Partie essentiellement perdante, la société Foncia Agence Centrale ne saurait prétendre à l’allocation de frais irrépétibles. Elle devra en outre supporter les dépens de première instance et d’appel qui
seront recouvrés, s’agissant des dépens d’appel, avec distraction au bénéfice des avocats qui en ont fait la demande.
Il serait par ailleurs inéquitable de laisser à la société Galian Assurances la charge des frais irrépétibles exposés en cause d’appel. La société Cofegi Gestion perdante à son égard sera en conséquence condamnée à lui verser une somme globale de 2 500 euros sur le fondement de l’article 700 du code de procédure civile.
Pour partie perdante à l’égard de la société Cofegi Gestion et du syndicat des copropriétaires, la société Foncia Agence Centrale sera condamnée au même titre à leur verser, à eux deux ensemble, la somme globale de 3 000 euros.

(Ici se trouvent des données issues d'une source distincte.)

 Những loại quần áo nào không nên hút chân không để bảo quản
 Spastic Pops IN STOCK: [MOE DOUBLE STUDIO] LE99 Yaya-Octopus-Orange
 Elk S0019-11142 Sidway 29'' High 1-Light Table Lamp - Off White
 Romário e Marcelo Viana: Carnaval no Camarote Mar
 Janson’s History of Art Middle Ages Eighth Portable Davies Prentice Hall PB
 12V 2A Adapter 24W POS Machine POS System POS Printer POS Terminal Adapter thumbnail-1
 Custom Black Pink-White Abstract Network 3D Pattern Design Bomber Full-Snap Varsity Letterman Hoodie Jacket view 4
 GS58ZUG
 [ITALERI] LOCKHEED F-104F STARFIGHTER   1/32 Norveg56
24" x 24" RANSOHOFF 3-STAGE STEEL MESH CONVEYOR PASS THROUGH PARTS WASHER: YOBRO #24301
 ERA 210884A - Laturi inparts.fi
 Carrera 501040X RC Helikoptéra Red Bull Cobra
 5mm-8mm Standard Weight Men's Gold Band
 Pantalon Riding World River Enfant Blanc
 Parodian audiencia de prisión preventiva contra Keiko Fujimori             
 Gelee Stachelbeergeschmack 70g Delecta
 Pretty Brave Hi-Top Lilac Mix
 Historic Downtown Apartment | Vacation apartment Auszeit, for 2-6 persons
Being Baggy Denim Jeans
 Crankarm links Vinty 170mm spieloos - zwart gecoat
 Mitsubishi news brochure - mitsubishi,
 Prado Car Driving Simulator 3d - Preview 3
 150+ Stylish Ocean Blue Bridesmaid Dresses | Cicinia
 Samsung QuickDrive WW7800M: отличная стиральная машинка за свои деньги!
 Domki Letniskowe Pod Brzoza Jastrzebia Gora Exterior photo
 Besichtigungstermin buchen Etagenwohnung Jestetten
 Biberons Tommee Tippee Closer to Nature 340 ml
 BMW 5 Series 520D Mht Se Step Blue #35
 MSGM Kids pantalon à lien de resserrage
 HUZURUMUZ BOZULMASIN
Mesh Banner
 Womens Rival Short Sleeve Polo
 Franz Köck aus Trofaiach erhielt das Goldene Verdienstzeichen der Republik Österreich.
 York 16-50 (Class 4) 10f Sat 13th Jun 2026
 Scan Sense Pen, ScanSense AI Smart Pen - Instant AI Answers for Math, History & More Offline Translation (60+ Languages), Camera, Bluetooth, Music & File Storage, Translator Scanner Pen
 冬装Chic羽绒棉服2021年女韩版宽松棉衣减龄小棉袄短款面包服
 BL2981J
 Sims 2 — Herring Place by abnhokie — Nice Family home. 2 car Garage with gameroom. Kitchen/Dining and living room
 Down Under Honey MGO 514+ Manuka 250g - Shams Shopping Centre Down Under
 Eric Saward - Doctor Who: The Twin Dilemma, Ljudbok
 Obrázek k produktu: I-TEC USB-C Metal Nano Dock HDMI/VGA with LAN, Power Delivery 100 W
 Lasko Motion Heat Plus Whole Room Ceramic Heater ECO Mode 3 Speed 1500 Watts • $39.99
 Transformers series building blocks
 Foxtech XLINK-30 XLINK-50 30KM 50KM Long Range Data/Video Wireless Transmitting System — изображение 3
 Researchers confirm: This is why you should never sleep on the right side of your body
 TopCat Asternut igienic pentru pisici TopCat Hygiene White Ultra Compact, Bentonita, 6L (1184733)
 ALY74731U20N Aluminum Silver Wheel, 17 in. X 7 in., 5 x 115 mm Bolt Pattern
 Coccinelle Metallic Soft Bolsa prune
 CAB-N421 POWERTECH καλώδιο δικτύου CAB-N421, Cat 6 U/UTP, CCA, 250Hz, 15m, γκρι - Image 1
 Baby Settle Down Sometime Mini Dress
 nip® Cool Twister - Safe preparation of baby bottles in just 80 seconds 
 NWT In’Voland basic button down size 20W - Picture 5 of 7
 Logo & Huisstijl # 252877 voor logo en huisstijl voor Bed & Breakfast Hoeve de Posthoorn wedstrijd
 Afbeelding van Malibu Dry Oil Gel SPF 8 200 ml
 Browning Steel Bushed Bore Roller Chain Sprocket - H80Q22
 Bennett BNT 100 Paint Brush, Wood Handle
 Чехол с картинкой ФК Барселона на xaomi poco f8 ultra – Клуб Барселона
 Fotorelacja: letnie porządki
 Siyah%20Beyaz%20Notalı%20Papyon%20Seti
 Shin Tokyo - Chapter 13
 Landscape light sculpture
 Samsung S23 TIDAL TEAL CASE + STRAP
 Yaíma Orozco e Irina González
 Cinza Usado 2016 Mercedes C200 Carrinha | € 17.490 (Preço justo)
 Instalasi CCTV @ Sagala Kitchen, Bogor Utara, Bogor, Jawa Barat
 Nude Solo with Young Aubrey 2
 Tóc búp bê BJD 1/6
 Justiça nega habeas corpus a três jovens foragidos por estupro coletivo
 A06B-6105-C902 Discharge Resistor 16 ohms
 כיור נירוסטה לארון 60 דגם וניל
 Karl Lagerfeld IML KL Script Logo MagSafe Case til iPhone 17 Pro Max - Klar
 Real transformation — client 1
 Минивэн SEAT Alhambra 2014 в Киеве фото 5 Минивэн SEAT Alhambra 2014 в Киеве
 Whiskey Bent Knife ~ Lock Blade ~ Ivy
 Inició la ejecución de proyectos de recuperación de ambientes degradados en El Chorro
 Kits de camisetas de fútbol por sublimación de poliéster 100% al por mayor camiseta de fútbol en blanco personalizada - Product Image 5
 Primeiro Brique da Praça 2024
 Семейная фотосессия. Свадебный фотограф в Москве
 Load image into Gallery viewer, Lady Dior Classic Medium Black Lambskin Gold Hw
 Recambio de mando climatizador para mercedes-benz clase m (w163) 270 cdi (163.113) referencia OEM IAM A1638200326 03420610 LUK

L’équité commande en revanche de débouter toutes les autres parties de leurs demandes sur le fondement de l’article 700 du code de procédure civile.
PAR CES MOTIFS,
La cour statuant par arrêt contradictoire,
INFIRME l’ordonnance du 1er décembre 2020 en toutes ses dispositions,
Statuant à nouveau et y ajoutant,
DECLARE irrecevables les demandes de la société Cofegi Gestion et du syndicat des copropriétaires de l’immeuble 70/[…] à Châtillon représenté par son syndic de communication de pièces sous astreinte sur le fondement des dispositions de l’article 18-2 de la loi du 10 juillet 1965 dans sa version antérieure au 1er juillet 2020,
REJETTE les moyens d’irrecevabilité soulevés par la société Foncia Agence Centrale et la société Cabinet Chretien tirés de leur défaut de qualité à défendre,
DIT n’y avoir lieu à référé sur les demandes de provisions de la société Cofegi Gestion et du syndicat des copropriétaires 70/[…], représenté par son syndic en exercice la société Cofegi Gestion, ainsi que sur leur demande de garantie à l’égard de la société Galian Assurances,
DECLARE recevables les demandes formées par la société Cofegi Gestion et du syndicat des copropriétaires 70/[…], représenté par son syndic en exercice la société Cofegi Gestion à hauteur d’appel,
DIT n’y avoir lieu à référé sur la demande de communication de pièce,
CONDAMNE la société Foncia Agence Centrale à verser à la société Cofegi Gestion la somme provisionnelle de 3 000 euros à valoir sur l’indemnisation de son préjudice,
DiIT n’y avoir lieu à référé sur le surplus des demandes,
CONDAMNE la société Cofegi Gestion à payer la somme de 2 500 euros à la société Galian Assurances et la société Foncia Agence Centrale à payer la somme globale de 3 000 euros à la société Cofegi Gestion et au syndicat des copropriétaires 70/[…], représenté par son syndic en exercice la société Cofegi Gestion, ensemble, en application des dispositions de l’article 700 du code de procédure civile tant en première instance qu’en appel,
DIT que la société Foncia Agence Centrale supportera les dépens de première instance et d’appel, qui
pourront être recouvrés, s’agissant des dépens d’appel, conformément aux dispositions de l’article 699 du code de procédure civile.
Arrêt prononcé publiquement par mise à disposition au greffe de la cour, les parties en ayant été préalablement avisées dans les conditions prévues au deuxième alinéa de l’article 450 du code de procédure civile, signé par Madame Nicolette GUILLAUME, président et par Madame Elisabeth TODINI, greffier, auquel la minute de la décision a été remise par le magistrat signataire.